Immunohistochemistry to assess proliferation. Representative micrographs at 200x magnification of jejunal tissue (A) costained for the proliferative marker Ki67 (green) and nuclear marker DAPI (blue) demonstrate a higher number of Ki67-positive cells in treated animals compared with controls. On quantification, there were 1.9-fold more Ki67-positive cells per intestinal crypt in the treatment group (B). Two-group comparisons were done using the Student t test. Results are expressed as mean ± SE.

FIGure 6

Intestinal tissue immunoblots. Apoptotic activity was assessed in intestinal tissue by immunostaining for cleaved and total caspase-3 (A). Cleaved caspase-3 was lower in treated animals compared with controls (B), although not reaching statistical significance. The expression of total caspase-3 (C) was significantly lower in treated animals, however, there was no difference in overall apoptotic activity (cleaved/total caspase-3) between the two groups (D).

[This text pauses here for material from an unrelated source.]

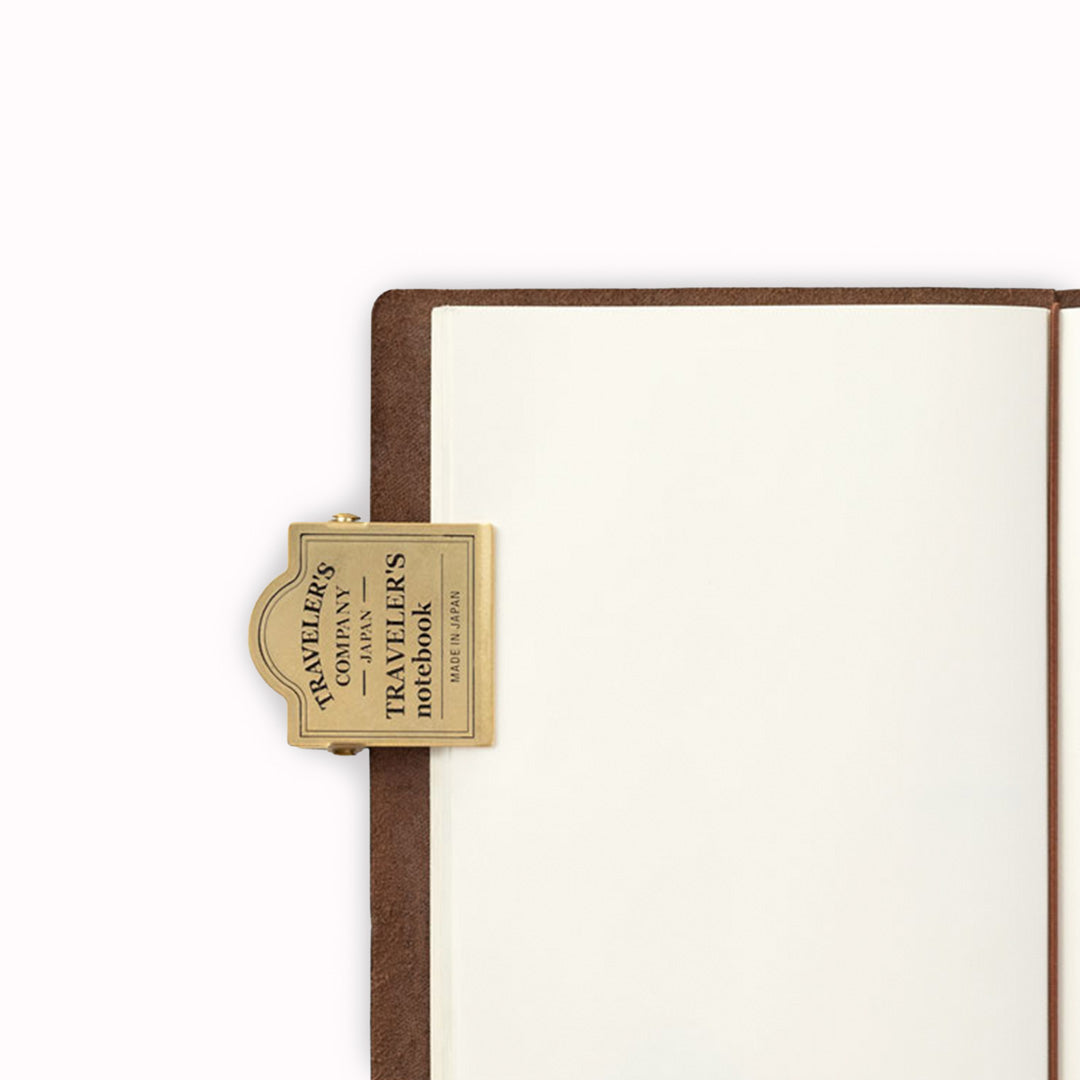 Made from solid brass with a stamped TRC logo, it’s designed to hold pages firmly in place—ideal for journalling, sketching or working flat on the move.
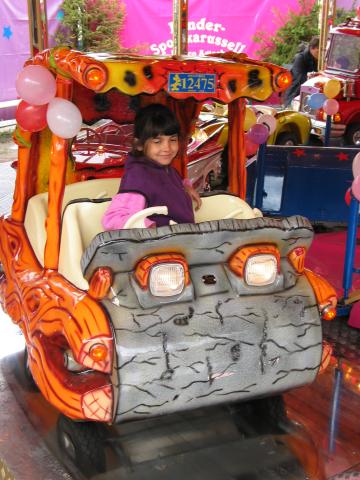 Xandie takes a ride in a Flintstones car at Oktoberfest.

Western blots were performed 2 times for quality control and a representative image is shown. Each lane represents a sample from a different animal. Uncropped blots are provided in Supplemental Information File 1 (Supplemental Digital Content 1, http://links.lww.com/SLA/E475). The β-actin for each membrane is displayed below the corresponding antibodies and was used to normalize the expression patterns. Statistical analysis of protein expression was performed with a Student t test. Results are expressed as mean ± SE. *P < 0.05.